Third-party response actions

edit

This functionality is in technical preview and may be changed or removed in a future release. Elastic will work to fix any issues, but features in technical preview are not subject to the support SLA of official GA features.

You can perform response actions on hosts enrolled in other third-party endpoint protection systems, such as CrowdStrike or SentinelOne. For example, you can direct the other system to isolate a suspicious endpoint from your network, without leaving the Elastic Security UI.

CrowdStrike response actions

edit

These response actions are supported for CrowdStrike-enrolled hosts:

  • Isolate and release a host using any of these methods:

    • From a detection alert
    • From the response console

    Refer to the instructions on isolating and releasing hosts for more details.

SentinelOne response actions

edit

These response actions are supported for SentinelOne-enrolled hosts:

  • Isolate and release a host using any of these methods:

    • From a detection alert
    • From the response console

    Refer to the instructions on isolating and releasing hosts for more details.

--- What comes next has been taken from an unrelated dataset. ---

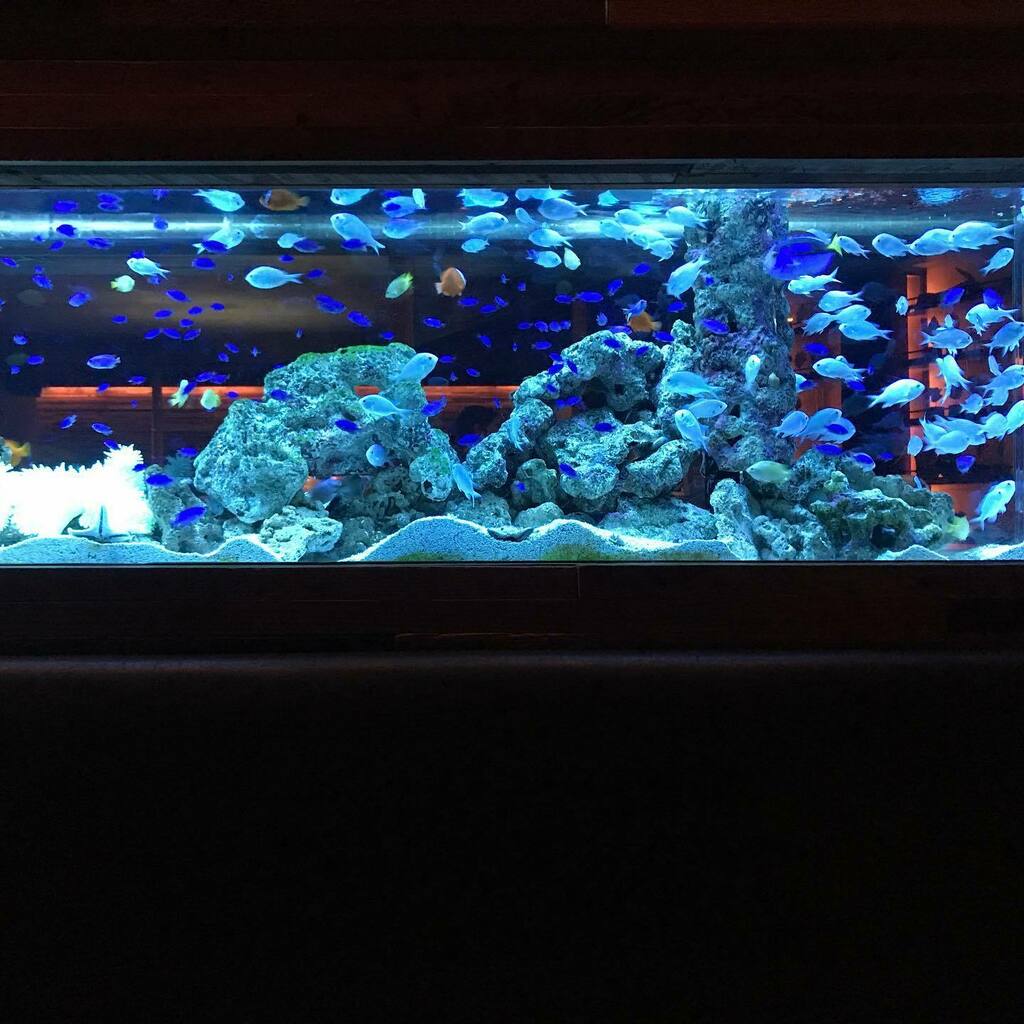 アクアリウムダイニング新宿ライム アクアリウムダイニング新宿ライム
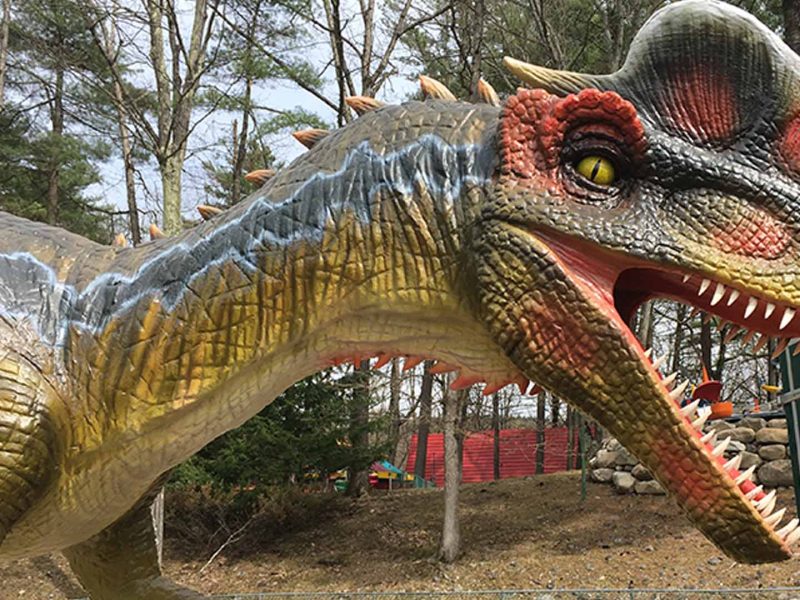 Animatronic Dilophosaurus — Early Jurassic Crested Theropod Dinosaur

  • Retrieve a file from a host with the get-file response action.

    For SentinelOne-enrolled hosts, you must use the password Elastic@123 to open the retrieved file.

  • Get a list of processes running on a host with the processes response action. For SentinelOne-enrolled hosts, this command returns a link for downloading the process list in a file.
  • Terminate a process running on a host with the kill-process response action.

    For SentinelOne-enrolled hosts, you must use the parameter --processName to identify the process to terminate. --pid and --entityId are not supported.

    Example: kill-process --processName cat --comment "Terminate suspicious process"

  • View past response action activity in the response actions history log.